0:44 // When do you use linear approximation?
1:28 // Estimating square roots using linear approximation
5:23 // Estimating trig functions using linear approximation
6:37 // How to find the error in a linear approximation
7:48 // Summary

Linear approximation, or linearization, is a method we can use to approximate the value of a function at a particular point. The reason liner approximation is useful is because it can be difficult to find the value of a function at a particular point.

Square roots are a great example of this. We know the value of sqrt(9); it’s 3. That’s easy to figure out. But we don’t know the value of sqrt(9.2). We can guess that it’s a little bit more than 3, since we know that sqrt(9) is 3, and 9.2 is a little bit more than 9, but other than that, we don’t know how to find a better estimate of sqrt(9.2). That’s where linear approximation comes in to help us.

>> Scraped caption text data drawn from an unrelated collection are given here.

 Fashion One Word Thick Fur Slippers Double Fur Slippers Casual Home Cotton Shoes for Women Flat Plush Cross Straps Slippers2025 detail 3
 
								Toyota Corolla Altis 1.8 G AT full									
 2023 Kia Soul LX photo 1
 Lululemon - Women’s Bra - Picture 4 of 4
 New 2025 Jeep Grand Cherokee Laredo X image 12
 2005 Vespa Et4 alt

Since we’re dealing with square roots, if we imagine the graph of the function sqrt(x), we know one point on that function is (9,3). If we find the tangent line to the function sqrt(x) through the point (9,3), then we can see that, since the tangent line is really close to the graph of the function around the area of (9,3), that the value of the function and the value of the tangent line will be pretty close to each other at x=9.2.

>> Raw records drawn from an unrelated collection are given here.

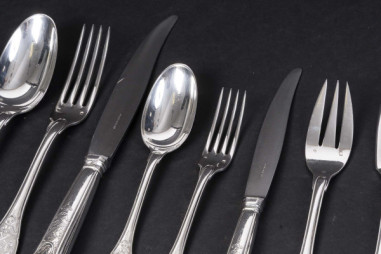 JEAN E. PUIFORCAT - 147-PIECE SILVER...
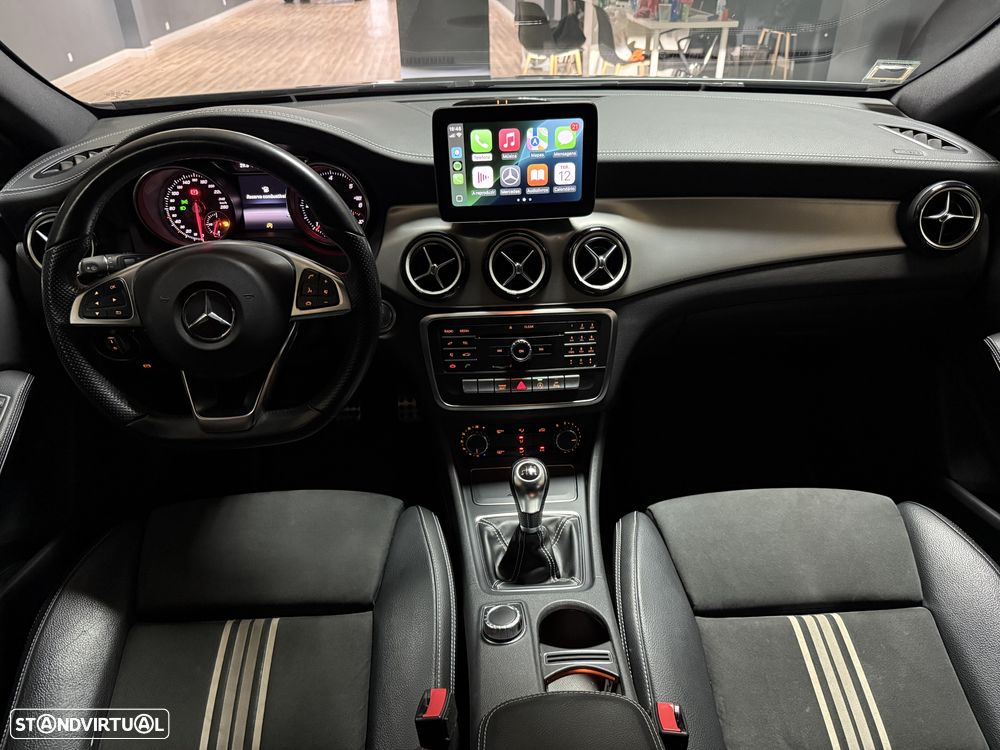 Mercedes-Benz A 180 d AMG Line - 15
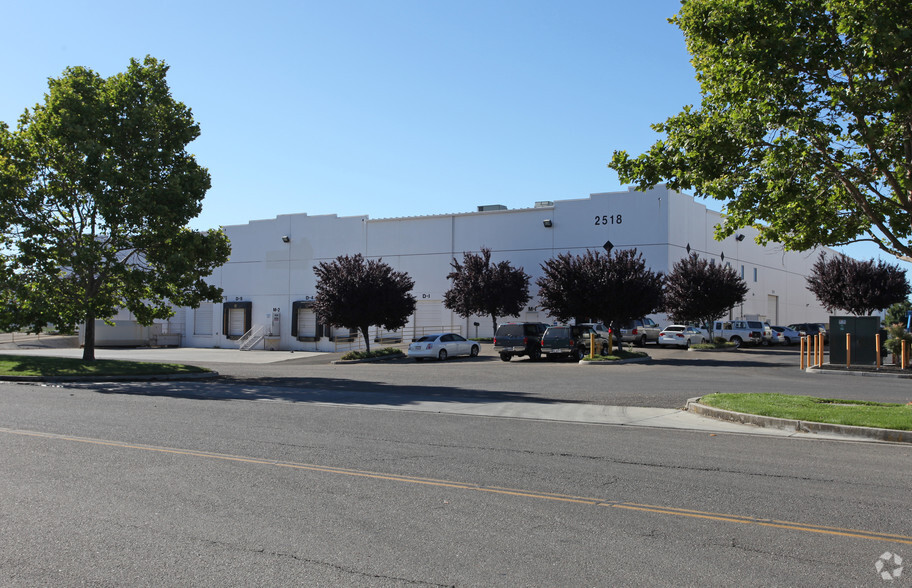 2518 Boeing Way, Stockton, CA à louer - Photo de l’immeuble – Image 3 sur 3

So to get an estimate for sqrt(9.2), we’ll use linear approximation to find the equation of the tangent line through (9,3), and then plug x=9.2 into the equation of the tangent line, and the result will be the value of the tangent line at x=9.2, and very close to the value of the function at x=9.2.

That’s why linear approximation is so helpful to us, because it’s a quick, simple method that let’s us estimate a value that would otherwise be very difficult to find.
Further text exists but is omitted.